Une anonyme  ::trollface::

----------


## Maximelene

"J'étais en mode "je vois", mais j'vois pas !"
Une anonyme.

----------


## Orgazmo

- La vache comment il pique ce boss !!!!
 - Ouais il aurait pu se raser de plus près...

----------


## Guitou

J'ai pas osé la mettre celle-là.

----------


## Mr Slurp

Nan mais si on commence à lister toutes les conneries que Orgazmo ou moi même avons laché pendants nos derniers runs d'Ascalon (et aussi celles des personnes nous ayant accompagnée)... on va se faire ban pour flood!

----------


## Orgazmo

> Nan mais si on commence à lister toutes les conneries que Orgazmo ou moi même avons laché pendants nos derniers runs d'Ascalon (et aussi celles des personnes nous ayant accompagnée)... on va se faire ban pour flood!


Ouais c'est pour ça que j'en mets qu'un  ::P:  (pour le moment ^^)

----------


## ivanoff

"je suis l'escort girl d'ivanoff là"
Une anonyme  ::trollface::

----------


## Nessou

"Achetez des frondes !" Un visionnaire.  ::ninja::

----------


## Korbeil

> "Achetez des frondes !" Un visionnaire.


T'aurais du attendre encore, c'était obligé que ça monte  ::|:

----------


## Nessou

Je les ai toujours hein !

----------


## Maximelene

"T'as essayé par où ?"
Une anonyme.

Maxime : Quand tu passes dessus ça se passe très bien.
Amande : Oui, mais moi j'ai jamais réussi.

----------


## Guitou

Une qui date de quelques jours :

----------


## Zepolak

EST-CE QUE VOUS ÊTES D'OÙ ?

Ahem. Pardon aux familles. Tout ça.

----------


## Hasunay

Oh je suis cité dans ce topic ... c'est le plus beau jour de ma vie T_T

----------


## Ananas

C'est le topic des private jokes ?

Parce que vu de l'extérieur, c'est pas vraiment drôle... ::trollface::

----------


## dragou

> C'est le topic des private jokes ?
> 
> Parce que vu de l'extérieur, c'est pas vraiment drôle...

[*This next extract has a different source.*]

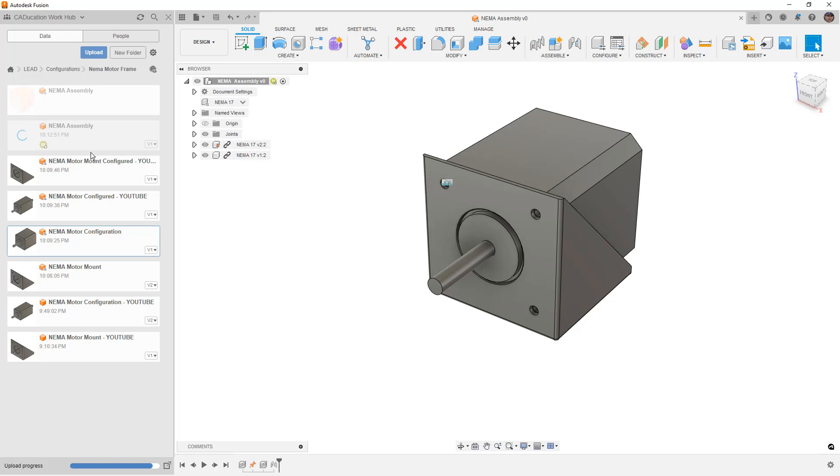It's much quicker and easier than configuring the individual parts because we really didn't have to worry about dimensions or parameters or anything else, just simply configuring the inserted components.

même de l'intérieur tu sais

----------


## Thorkel

En même temps le but de la dernière citation est - apparement - de la citer hors contexte, pour aller directement au second degré.....donc pas trop de private joke dans l'histoire.

(ces jeunes, faut tout leur expliquer  ::rolleyes:: )

----------


## Guitou

C'était pas plutôt une technique de drague ?



> EST-CE QUE VOUS ÊTES D'OÙ *doux* ?

----------


## Saeryswen

Je suis une femme, et chez nous les fesses c'est sacré... mais n'essaye pas de retourner la situation, c'est toi l'obsessionnel des fesses ! Et personne, ni papry, ni Anaitis (ni même mes fesses tiens) ne pourront y changer quelque chose. Bref... XD

----------


## gnouman

> Je suis une femme, et chez nous les fesses c'est sacré...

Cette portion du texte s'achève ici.